Mettre en contraste, comme on le fait souvent, notre soi-disant ignorance de l’esprit et notre soi-disant science des corps, est absurde, observe Ch. Nordman. On croit connaître les corps, et c’est à leur existence qu’on suspend celle de l’âme.

Si donc, il y a une inconnue, ce n’est pas l’âme, l’esprit, dont la réalité est indubitablement attestée par l’expérience intérieure, ce sont les corps, dont nous n’aurions même pas une notion si l’esprit n’existait pas. C’est l’esprit qui nous donne des corps une idée, une représentation vraie ou fausse.

La question n’est donc pas de savoir si l’esprit existe, cette question même étant une activité de l’esprit, mais de savoir ce qu’est le corps, ce qu’est la matière, si leurs éléments dits matériels ne sont pas, au fond, réductibles à l’esprit ?

Ces éléments sont, non pas des atomes, mais des monades, c’est-à-dire des éléments spirituels. La monade se substituant à l’atome, c’est l’esprit se substituant à la matière, l’énergie à la force, le conscient à l’inconscient. La monade humaine est indestructible dans son essence.

La naissance ne la tire pas plus du néant que la mort ne peut l’y ramener. La naissance et la mort ne sont pas le commencement et la fin de tout, elles ne sont que les phases, les étapes d’un principe spirituel qui se continue et dont le germe sous les formes organiques éphémères dont il s’enveloppe, demeure incorruptible.

L’âme poursuit son immortelle destinée à travers les échelons d’une évolution progressive commencée bien loin dans le mystère du passé, et se continuant par delà la mort, bien loin dans le mystère de l’avenir.

L’homme donc est vivant et pensant.

Que la pensée soit un des procédés familiers de la nature nous n’en pouvons pas douter, puisque nous en faisons l’expérience sur nous-mêmes. C’est du dedans que l’homme transforme les sociétés qu’il a construites, qu’il les modifie, qu’il adapte aux circonstances leurs organes fonctionnels ou gouvernements. La pensée, la volonté ont ici leur rôle.

Le monde donc, est composé dans toutes ses parties d’éléments vivants, de monades, petits centres psychiques et énergétiques, qui sont l’élément dernier de la substance.

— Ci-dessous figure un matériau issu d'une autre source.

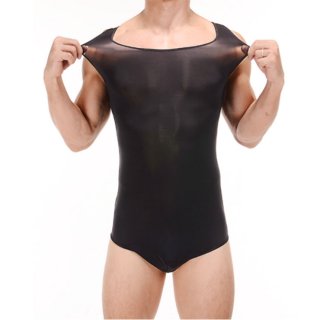 Men's Sexy Matte Ultra-thin Super Stretchy Vest Type Bodysuit One-piece Lingerie N20185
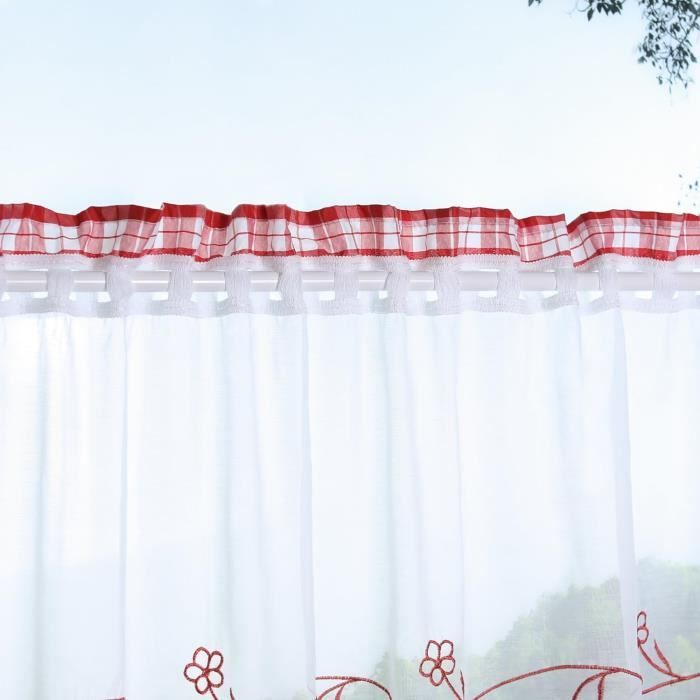 Rideau Brise-bise Semi-transparent - 76x60 Cm (lot De 2) - Tissu Polyester, Passe-tringle - Pour Cuisine, Salle De Bain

Ces grains d’énergie, ou monades, loin d’être sans portes ni fenêtres, entrent en composition, imaginent et réalisent d’abord des agrégats, puis des organismes qu’elles perfectionnent.

A leur tour ces organismes, qui sont des sociétés de vivants, tendent à devenir des individus composés, c’est-à-dire, un tout fonctionnel cohérent, sous la direction d’une monade centrale. Et ainsi de suite, de proche en proche, depuis les composés minéraux, végétaux, animaux à travers l’individu humain, jusqu’à la monade suprême, couronnement du concert organique universel, jusqu’à Dieu où convergent toutes les flammes de l’esprit.

Ainsi, par rapport à nous, tous ces éléments servent, pour ainsi dire, d’échelons entre les spiritualités rudimentaires et la Spiritualité suprême.